Paul Turner named the Elihu Professor of Ecology and Evolutionary Biology

Paul E. Turner was named as the Elihu Professor of Ecology and Evolutionary Biology.
Paul E. Turner

Paul E. Turner, newly named as the Elihu Professor of Ecology and Evolutionary Biology, is interested in examining how viruses evolutionarily adapt to overcome new challenges, such as emergence on novel host species, transmission via new arthropod vectors, survival at elevated temperatures, or changes in host immunity.

Because microorganisms allow experiments on the order of hundreds (or even thousands) of generations, microbes provide a uniquely powerful system to study evolution in action. Turner’s laboratory uses microorganisms (RNA viruses, DNA viruses, bacteria) as model systems to address hypotheses in ecological and evolutionary theory, especially questions regarding the evolution of genetic exchange (sex), virus ecology and evolution, host-parasite interactions, and the evolution of infectious disease. He also examines how microbes can be used to solve human problems, such as the application of viruses as treatments against bacterial infections or targeted destruction of cancerous tumors. Turner’s group uses an interdisciplinary approach to investigate these processes, employing techniques from microbiology, population genetics, genomics, molecular biology, and mathematical modeling.
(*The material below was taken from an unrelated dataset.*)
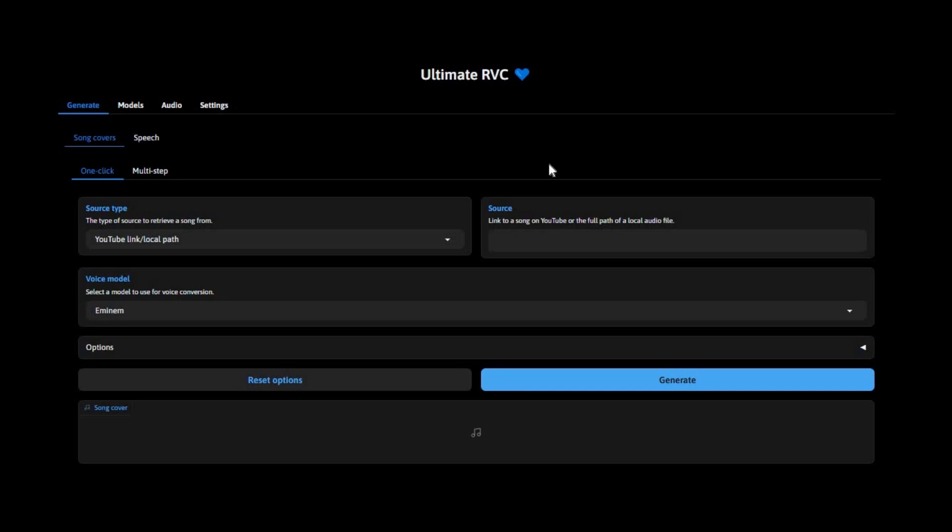In this video, I'm going to show you how to run Ultimate RVC, one of the most advanced real-time voice conversion tools, completely free on Google Colab.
A graduate of the University of Rochester, Turner earned his Ph.D. in microbial ecology and evolution from Michigan State University. He conducted postdoctoral research at the National Institutes of Health, the University of Valencia (Spain), and the University of Maryland-College Park. He came to Yale in 2001 as assistant professor of ecology and evolutionary biology, and gained tenure in 2007. Prior to his new appointment, Turner has served as director of graduate studies and chair of the Department of Ecology and Evolutionary Biology, and since 2002 he has held a secondary appointment in the Microbiology Graduate Program in the Yale School of Medicine.

Turner has published nearly 100 peer-reviewed journal articles, including papers in Nature, Science, and Proceedings of the National Academy of Sciences, as well as numerous book chapters and reports for government agencies. He has been awarded grants from private foundations and the Howard Hughes Medical Institute, as well as federal agencies including National Institutes of Health, National Science Foundation, and NASA. He has served as associate editor for scientific journals such as Virus Evolution, and Evolution (International Journal of Organic Evolution); as a member of the Committee on Minority Education and as Division Councilor for the American Society for Microbiology; and on the Biological Sciences Advisory Committee of the National Science Foundation.

Turner’s honors include a Career Enhancement Fellowship from the Woodrow Wilson Foundation; the E.E. Just Endowed Research Fellowship, and William Townsend Porter Award from Marine Biological Laboratory in Woods Hole, MA; and as a representative in the United States delegation at the joint U.S.A.-Russia Workshop on Infectious Disease held in Novosibirsk, Russia.